Cupping paws around his mouth the Squirrelking called back, ‘Yes, I’m on the battlements. Mariel, I don’t need the rope to go the rest of the way, I can climb down the wall, the plateau side too, once I’ve got across the moat.’
Mariel’s answer came back immediately. ‘Good, then don’t wait about there, escape while you can. We’ll be down right after you. Go, your wife and babe need you.’ Gael started scaling the walls down to the moat, sure pawed and nimble now that freedom was within his reach.
Mariel nodded to Dandin. ‘You’re next, mate.’
‘No, after you, miss. I’ll go last!’
‘I’m the senior officer here, I go last, m’lad!’ huffed Meldrum.

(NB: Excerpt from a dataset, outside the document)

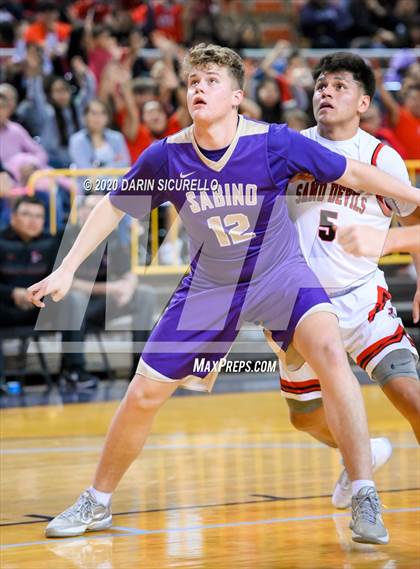 Thumbnail 2 in Sabino vs Page (AIA 3A Semifinals) photogallery.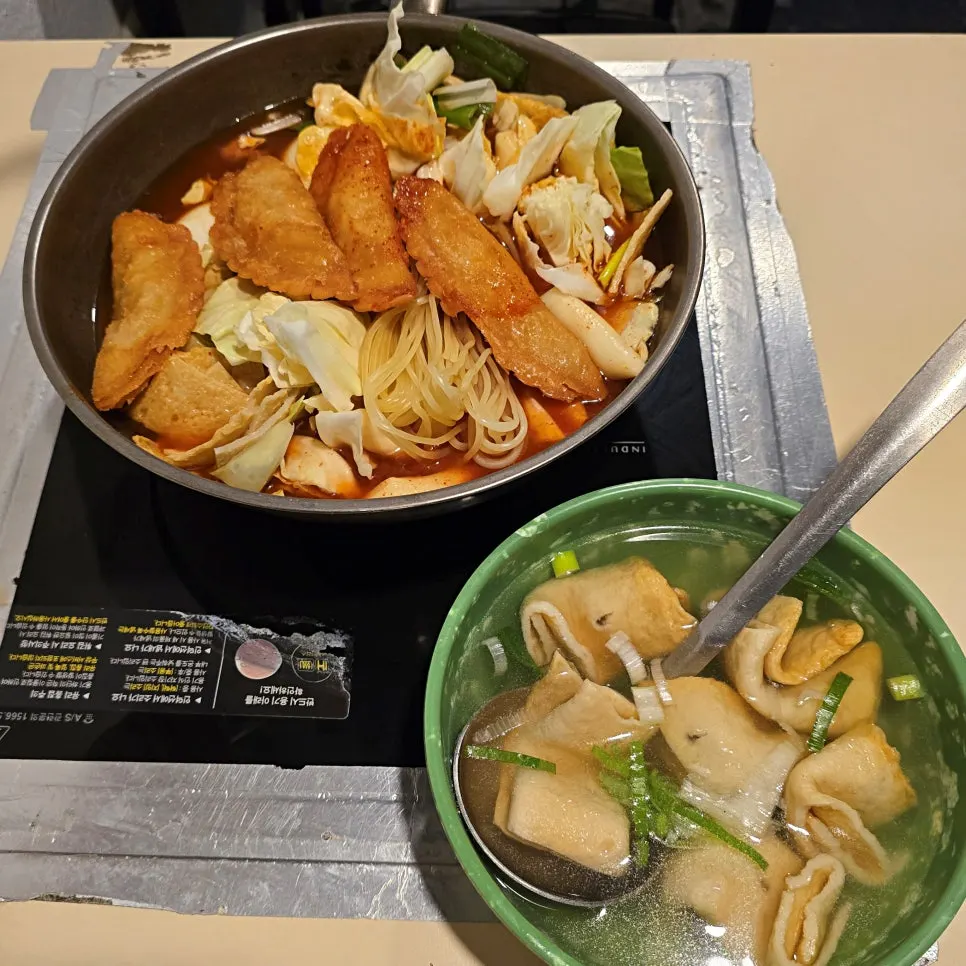 즉석떡볶이 2인분과 꼬불이 어묵 상차림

Mariel spread her paws in despair. ‘We can’t all go last. Look, who’s going now?’
Dandin and Meldrum pointed firmly at her. ‘You!’
Mariel let herself down on to the ropes, muttering, ‘Well, if somebeast doesn’t go we’ll be stuck up here all season. Here goes!’
Armed with pikes and archery equipment, thirty horderats, led by Nagru and Silvamord, sneaked furtively along the ramparts until they were at the west battlement edge. Crouching down in the shadows, Silvamord whispered to Nagru, ‘We catch them one by one as they land, right?’
Pulling the wolfhide about him to shelter from the rain, Nagru neatly sidestepped any responsibility. ‘Your idea, my Lady. Make your move.’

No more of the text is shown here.